### [Problem to solve]
Begin at the line holding "Charming home featuring" and set down exactly each line through the last one below, omitting pictures. Include nothing else.

### [Data block]

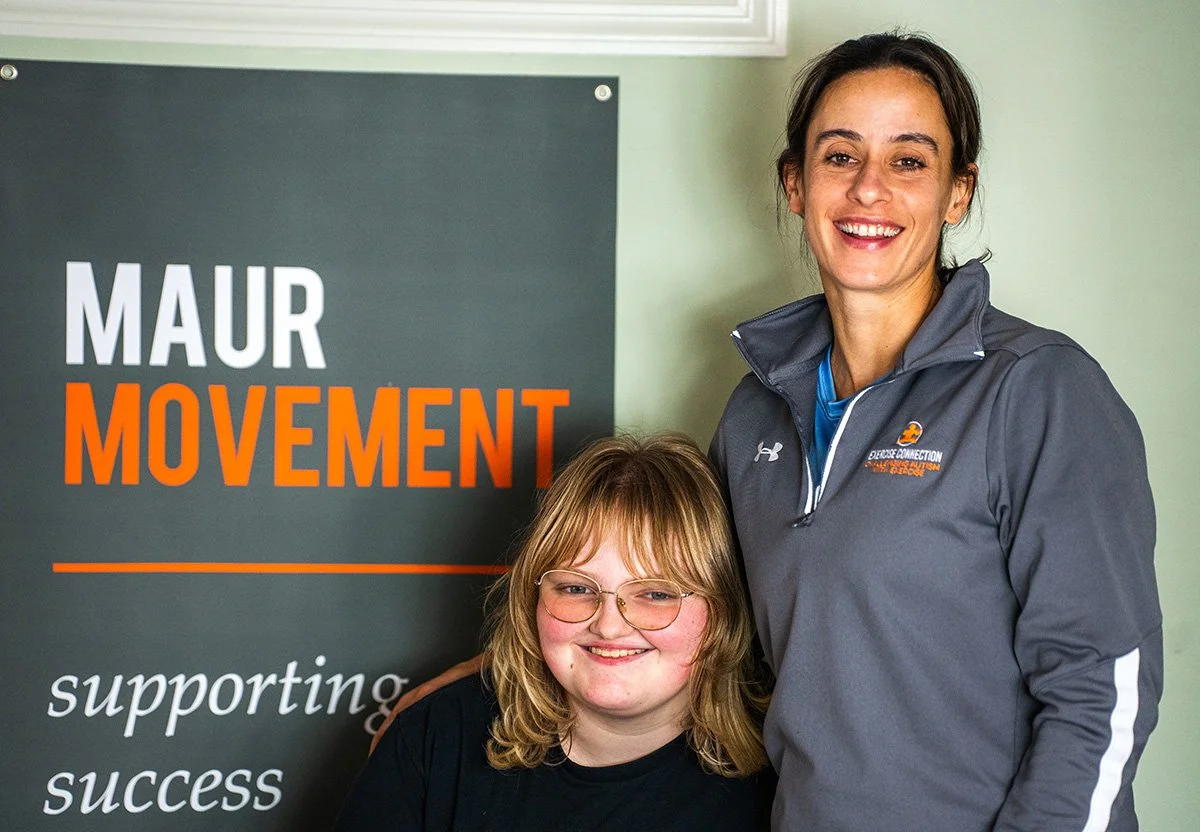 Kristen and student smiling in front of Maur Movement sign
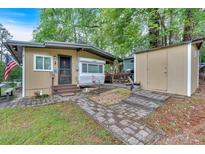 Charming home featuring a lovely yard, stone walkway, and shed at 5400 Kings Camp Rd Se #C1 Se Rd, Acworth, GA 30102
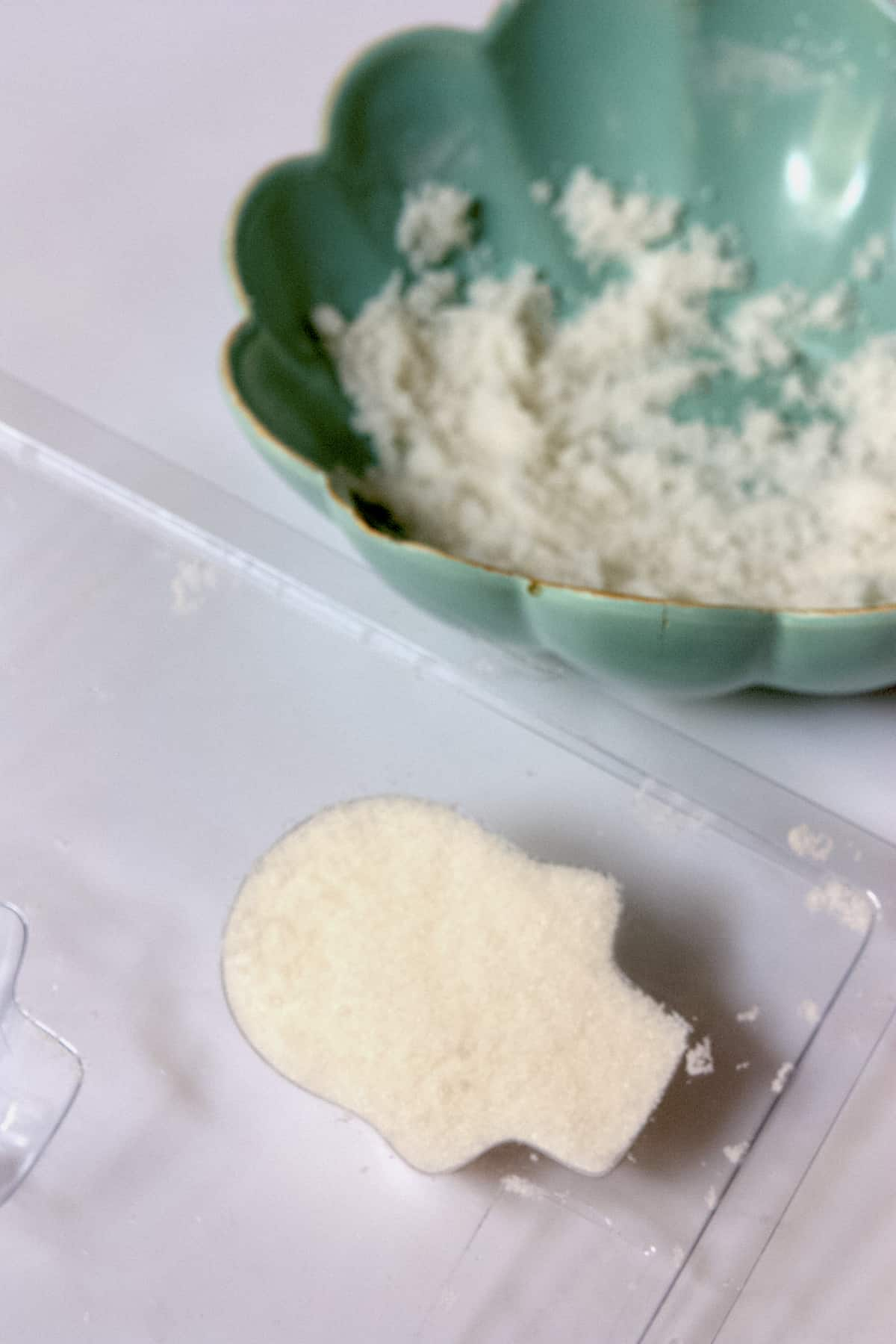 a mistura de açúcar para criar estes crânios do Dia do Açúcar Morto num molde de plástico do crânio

### [Response to this exercise]
 Charming home featuring a lovely yard, stone walkway, and shed at 5400 Kings Camp Rd Se #C1 Se Rd, Acworth, GA 30102
 a mistura de açúcar para criar estes crânios do Dia do Açúcar Morto num molde de plástico do crânio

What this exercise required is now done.